The Paterson Conditions are these:

  • The Paterson Conditions: for each class constraint (C t1 ... tn) in the context

    1. No type variable has more occurrences in the constraint than in the head

    2. The constraint has fewer constructors and variables (taken together and counting repetitions) than the head

    3. The constraint mentions no type functions. A type function application can in principle expand to a type of arbitrary size, and so are rejected out of hand

How are those rules modified for quantified constraints? In two ways.

  • Each quantified constraint, taken by itself, must satisfy the termination rules for an instance declaration.

  • After “for each class constraint (C t1 ... tn)”, add “or each quantified constraint (forall as. context => C t1 .. tn)

Note that the second item only at the head of the quantified constraint, not its context. Reason: the head is the new goal that has to be solved if we use the instance declaration.

Of course, UndecidableInstances lifts the Paterson Conditions, as now.

Coherence

Although quantified constraints are a little like local instance declarations, they differ in one big way: the local instances are written by the compiler, not the user, and hence cannot introduce incoherence. Consider

f :: (forall a. Eq a => Eq (f a)) => f b -> f Bool
f x = ...rhs...

In ...rhs... there is, in effect a local instance for Eq (f a) for any a. But at a call site for f the compiler itself produces evidence to pass to f. For example, if we called f Nothing, then f is Maybe and the compiler must prove (at the call site) that forall a. Eq a => Eq (Maybe a) holds. It can do this easily, by appealing to the existing instance declaration for Eq (Maybe a).

In short, quantifed constraints do not introduce incoherence.

Costs and Drawbacks

There are currently no known drawbacks to this feature.

Alternatives

Several alternatives have already been considered.
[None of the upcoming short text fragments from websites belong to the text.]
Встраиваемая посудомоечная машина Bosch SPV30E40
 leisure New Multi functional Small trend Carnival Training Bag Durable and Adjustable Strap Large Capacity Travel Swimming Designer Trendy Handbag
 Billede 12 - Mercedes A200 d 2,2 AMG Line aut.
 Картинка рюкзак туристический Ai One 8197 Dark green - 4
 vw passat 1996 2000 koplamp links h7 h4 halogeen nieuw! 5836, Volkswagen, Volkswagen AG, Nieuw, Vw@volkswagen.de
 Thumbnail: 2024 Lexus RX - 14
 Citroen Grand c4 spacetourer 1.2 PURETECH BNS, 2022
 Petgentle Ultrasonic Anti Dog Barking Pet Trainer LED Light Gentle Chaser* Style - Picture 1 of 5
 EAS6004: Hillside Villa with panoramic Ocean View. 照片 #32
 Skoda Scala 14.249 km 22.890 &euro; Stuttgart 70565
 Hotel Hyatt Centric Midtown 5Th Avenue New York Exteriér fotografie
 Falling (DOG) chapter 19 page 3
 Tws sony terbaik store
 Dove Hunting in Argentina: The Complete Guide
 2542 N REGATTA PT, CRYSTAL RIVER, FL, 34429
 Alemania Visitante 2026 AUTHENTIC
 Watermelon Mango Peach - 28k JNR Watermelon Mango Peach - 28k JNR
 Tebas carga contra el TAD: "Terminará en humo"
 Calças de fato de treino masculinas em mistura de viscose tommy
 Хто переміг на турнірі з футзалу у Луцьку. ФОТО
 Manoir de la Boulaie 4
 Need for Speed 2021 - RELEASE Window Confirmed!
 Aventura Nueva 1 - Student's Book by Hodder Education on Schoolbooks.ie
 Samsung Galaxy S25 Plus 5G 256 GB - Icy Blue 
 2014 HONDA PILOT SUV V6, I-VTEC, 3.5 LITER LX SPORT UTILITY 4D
GHC currently supports a form of cycle-aware resolution, which enables writing the rose example mentioned above, without quantified constraints. Unfortunately, this approach is not generally applicable since the resolution process can diverge without cycling, rendering the cycle-aware resolution useless in these scenarios.

Secondly, alternative encodings exist, such as the one presented in this paper: Simulating Quantified Class Constraints Unfortunately, they all render the code significantly longer, more complex and none of these alternative encodings are generally applicable.

Implementation Plan

The feature is fully implemented in branch wip/T2893 of the GHC repository.